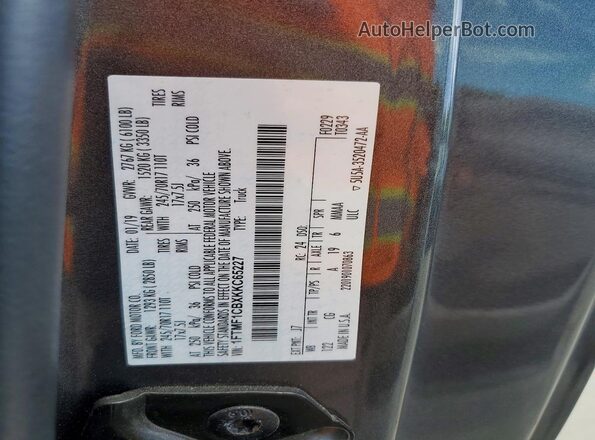 1FTMF1CBXKKC65227 2019 FORD F150 Gray ძრავის განყოფილების ხედი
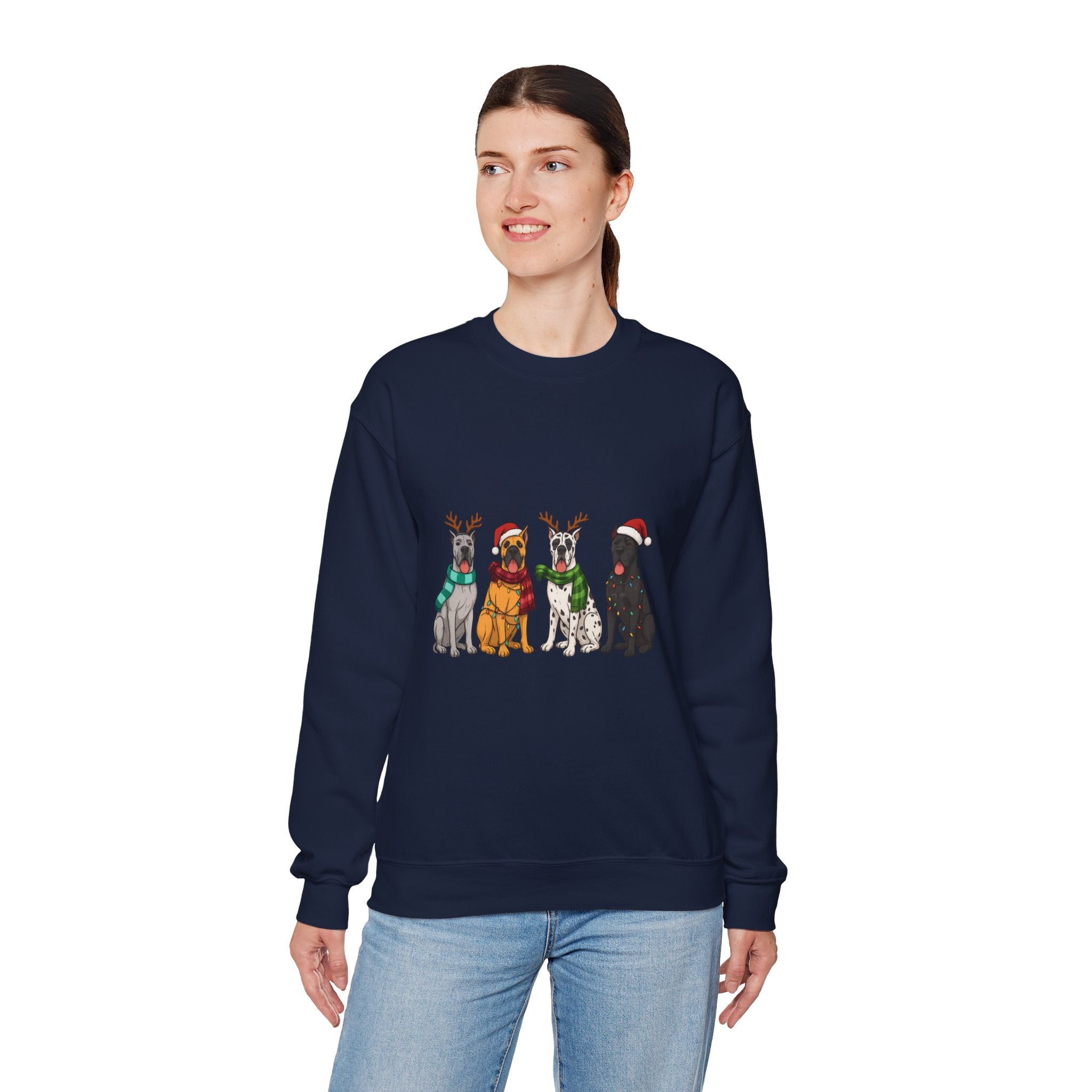 Christmas Dogs Crewneck Sweatshirt — Festive Reindeer & Santa Hat Puppies Holiday Sweatshirt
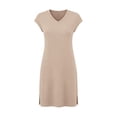 thumbnail image 6 of XUNKUSGA Dresses for Women Soild Color V Neck Cap Sleeve Side Split Womens Sundresses Loose Casual A Line Dresses Soft Cotton Summer Dresses for Beach,Brown,2XL, 6 of 6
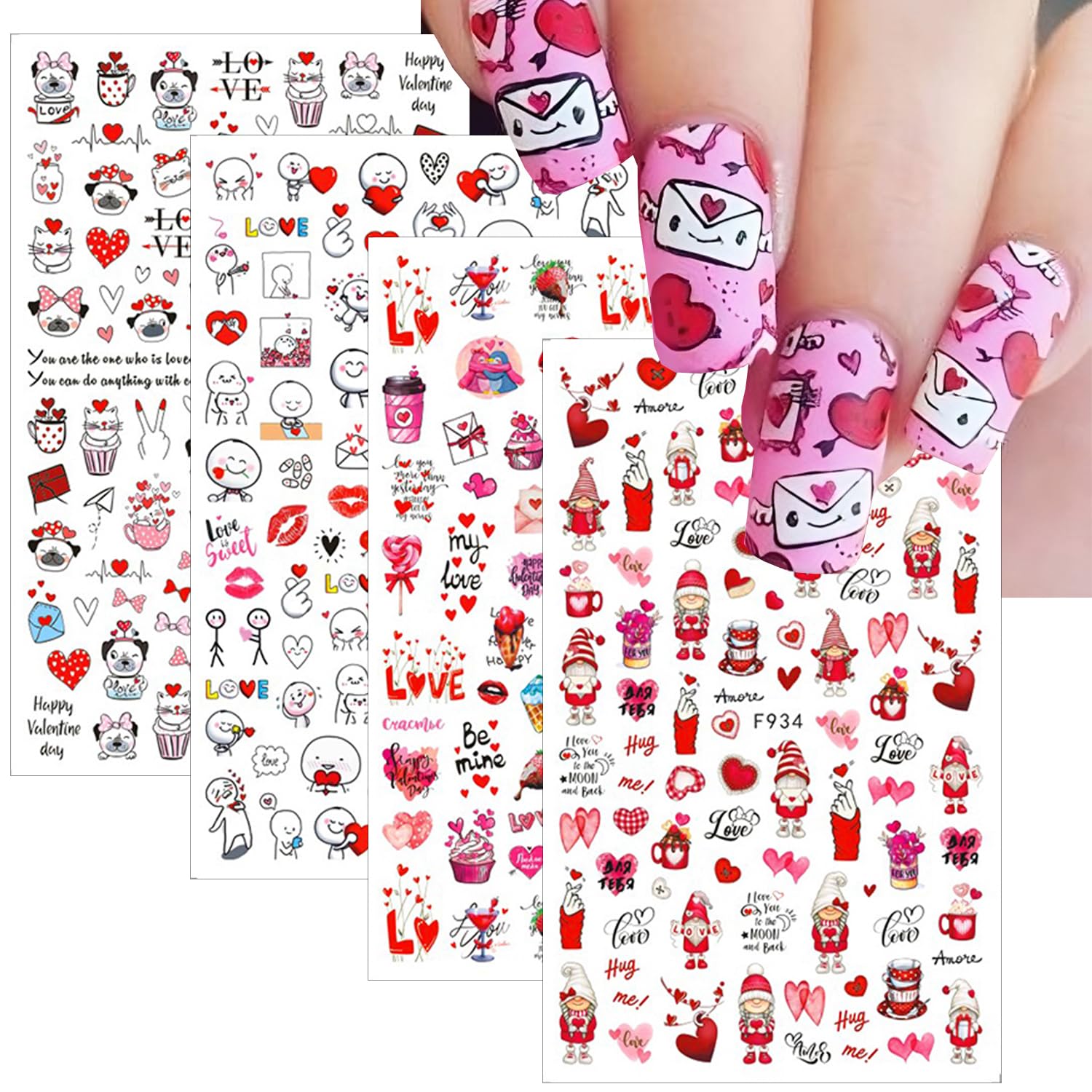 10 Sheets Valentines Day Nail Art Stickers 3D Heart Nail Decals Self-Adhesive Nail Art Design Decals Nail Supplies Red Pink Rose Sexy Lips Love Gnome Nail Stickers for Women DIY Manicure Decoration-FemmiqueWomen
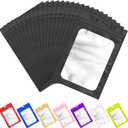 100 PCS Resealable Mylar Bags with Zipper and Frosted Clear Window Packaging Bags Foil Pouch Zip Bag for Food Self Sealing Storage Supplies (Black, 4.72x7.1)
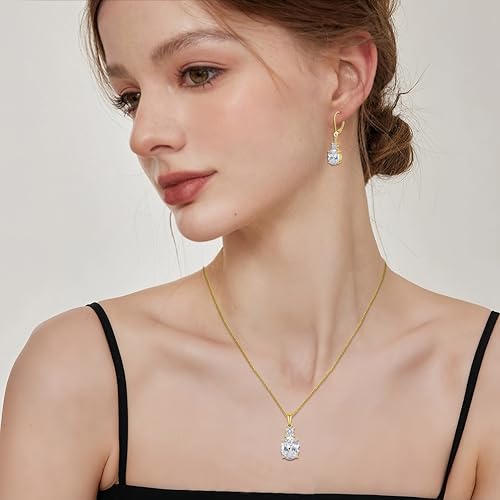 Birthstone Necklace for Women 925 Sterling Silver | Oval Cut Pendant Necklace, Jewelry for Mom Wife - color: Gold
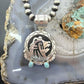 Alonzo Mariano Native American Sterling Silver Overlay Fetish Bear w/Turquoise Unisex Pendant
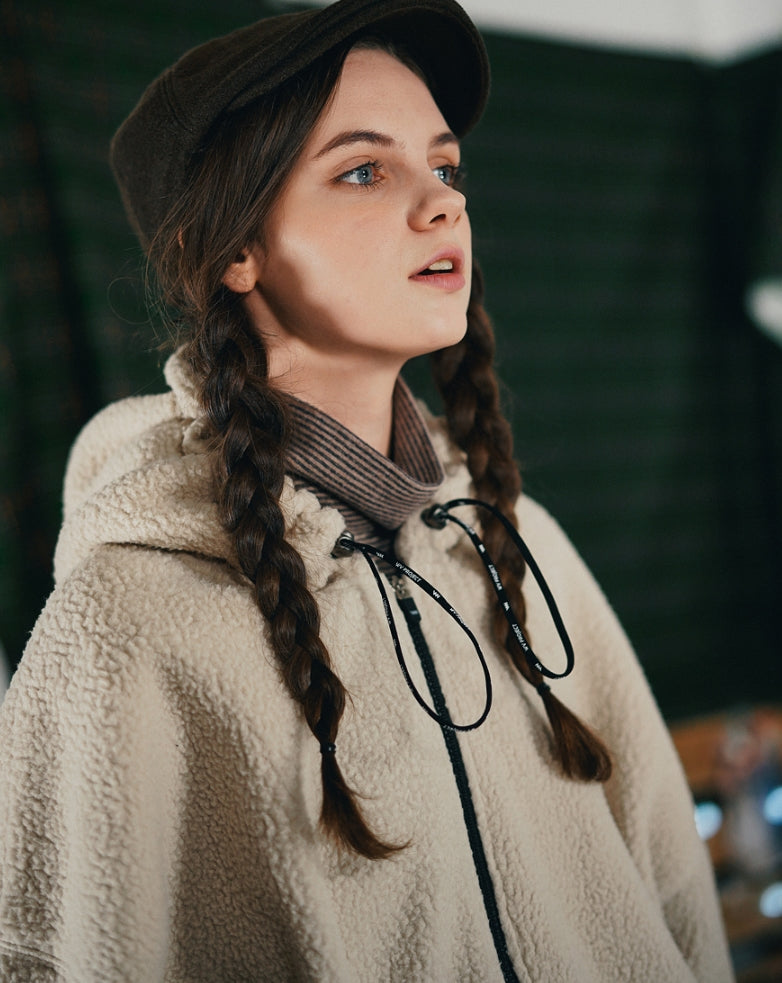 ダブルユーブイプロジェクト(WV PROJECT) FUNNY BOUNCLE HOOD ZIP-UP BEIGE SYHD7340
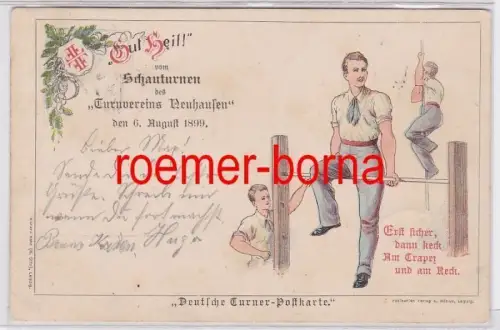 81469 Künstler Ak Werbung Schauturnen Turnverein Neuhausen 6.8.1899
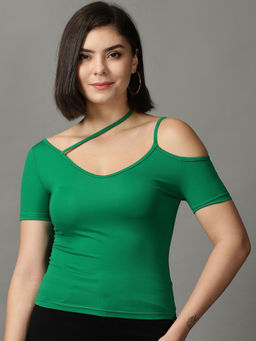SHOWOFF - Women Green Solid Fitted Top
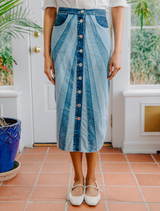 Apolline Midi Skirt in Paneled Denim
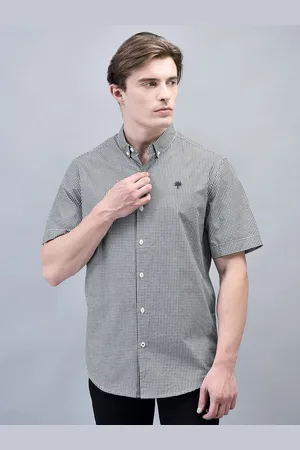 Woodland Men Micro Checks Opaque Striped Casual Shirt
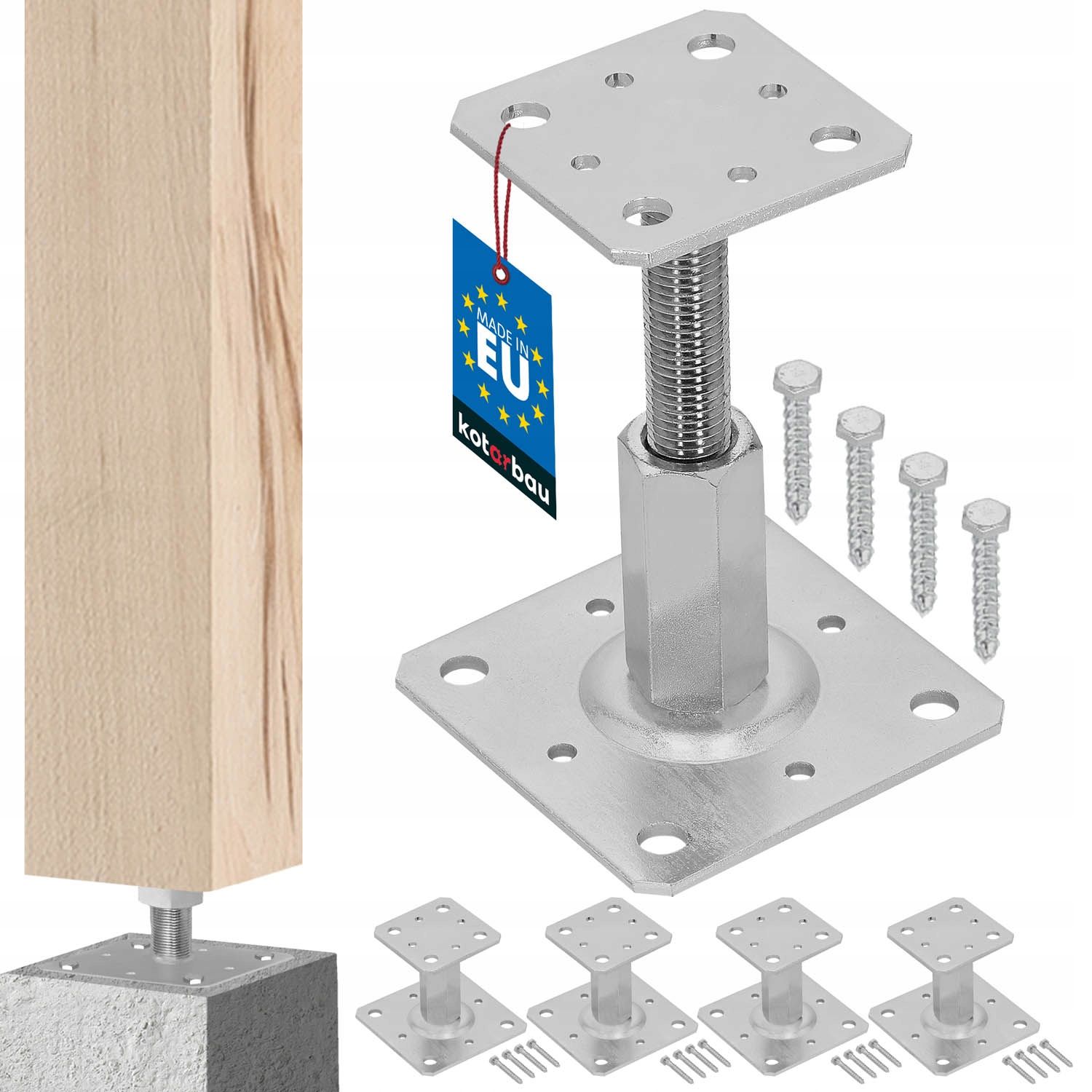  Komplektas 6x stulpelio pagrindas aukščio reguliavimu pret siūlas m24 80x80x250 mm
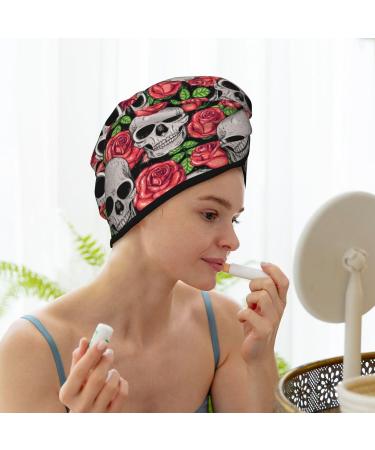Skull and Roses Microfiber Hair Towel - Soft Super Absorbent Wrap for Long Curly & Thick Hair - Quick Dry Coral Velvet Cap for Women - Buy Online on GoSupps.com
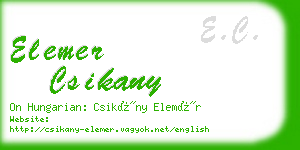 elemer csikany business card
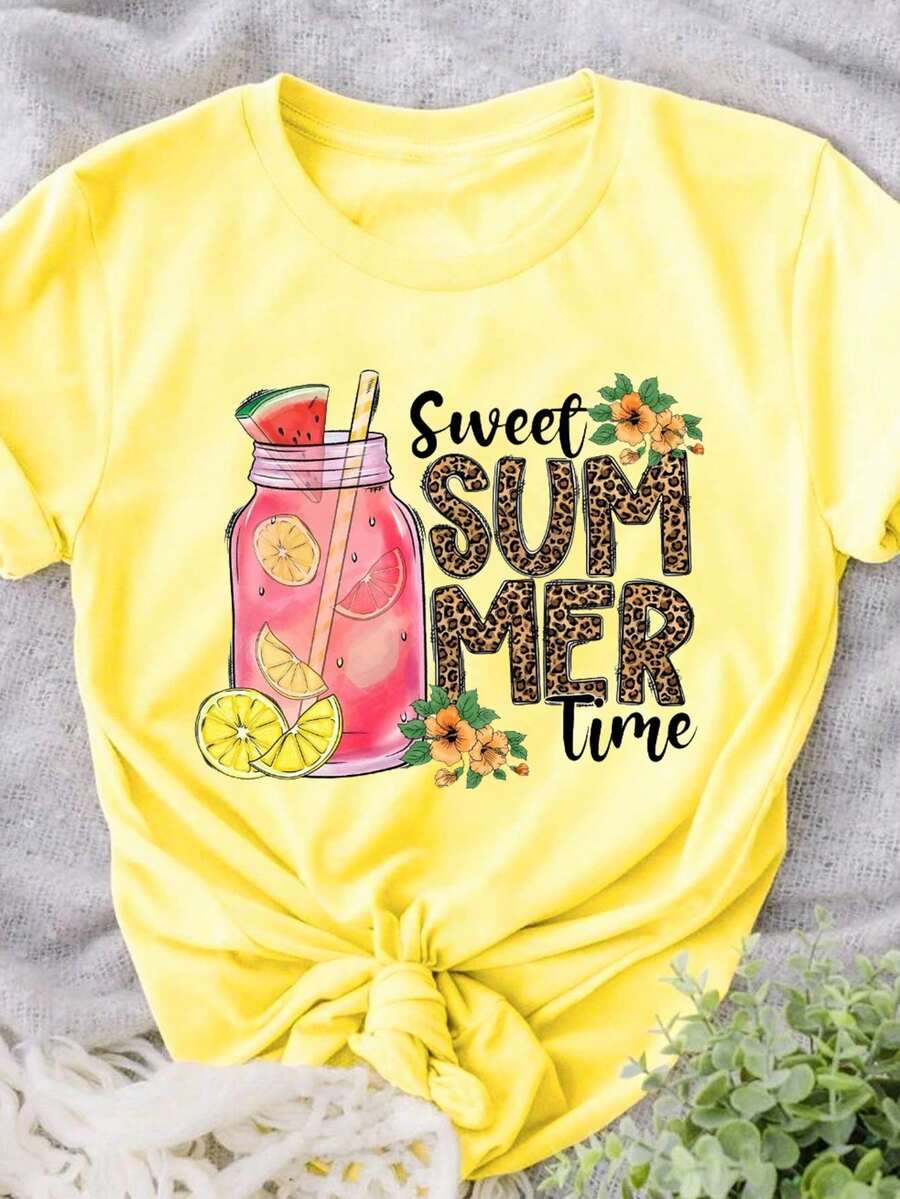 Calvaya 甜蜜夏日衬衫、豹纹衬衫、夏季衬衫、沙滩背心、可爱夏季衬衫、西瓜衬衫、酒水衬衫、鸡尾酒衬衫 - 黃色 - 查看 1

*-*-*

» **Your assignment**: For this exercise, return the material word for word and drop each image.

» **Exercise output**:
 1FTMF1CBXKKC65227 2019 FORD F150 Gray ძრავის განყოფილების ხედი
 Christmas Dogs Crewneck Sweatshirt — Festive Reindeer & Santa Hat Puppies Holiday Sweatshirt
 thumbnail image 6 of XUNKUSGA Dresses for Women Soild Color V Neck Cap Sleeve Side Split Womens Sundresses Loose Casual A Line Dresses Soft Cotton Summer Dresses for Beach,Brown,2XL, 6 of 6
 10 Sheets Valentines Day Nail Art Stickers 3D Heart Nail Decals Self-Adhesive Nail Art Design Decals Nail Supplies Red Pink Rose Sexy Lips Love Gnome Nail Stickers for Women DIY Manicure Decoration-FemmiqueWomen
 100 PCS Resealable Mylar Bags with Zipper and Frosted Clear Window Packaging Bags Foil Pouch Zip Bag for Food Self Sealing Storage Supplies (Black, 4.72x7.1)
 Birthstone Necklace for Women 925 Sterling Silver | Oval Cut Pendant Necklace, Jewelry for Mom Wife - color: Gold
 Alonzo Mariano Native American Sterling Silver Overlay Fetish Bear w/Turquoise Unisex Pendant
 ダブルユーブイプロジェクト(WV PROJECT) FUNNY BOUNCLE HOOD ZIP-UP BEIGE SYHD7340
 81469 Künstler Ak Werbung Schauturnen Turnverein Neuhausen 6.8.1899
SHOWOFF - Women Green Solid Fitted Top
 Apolline Midi Skirt in Paneled Denim
 Woodland Men Micro Checks Opaque Striped Casual Shirt
  Komplektas 6x stulpelio pagrindas aukščio reguliavimu pret siūlas m24 80x80x250 mm
Skull and Roses Microfiber Hair Towel - Soft Super Absorbent Wrap for Long Curly & Thick Hair - Quick Dry Coral Velvet Cap for Women - Buy Online on GoSupps.com
 elemer csikany business card
 Calvaya 甜蜜夏日衬衫、豹纹衬衫、夏季衬衫、沙滩背心、可爱夏季衬衫、西瓜衬衫、酒水衬衫、鸡尾酒衬衫 - 黃色 - 查看 1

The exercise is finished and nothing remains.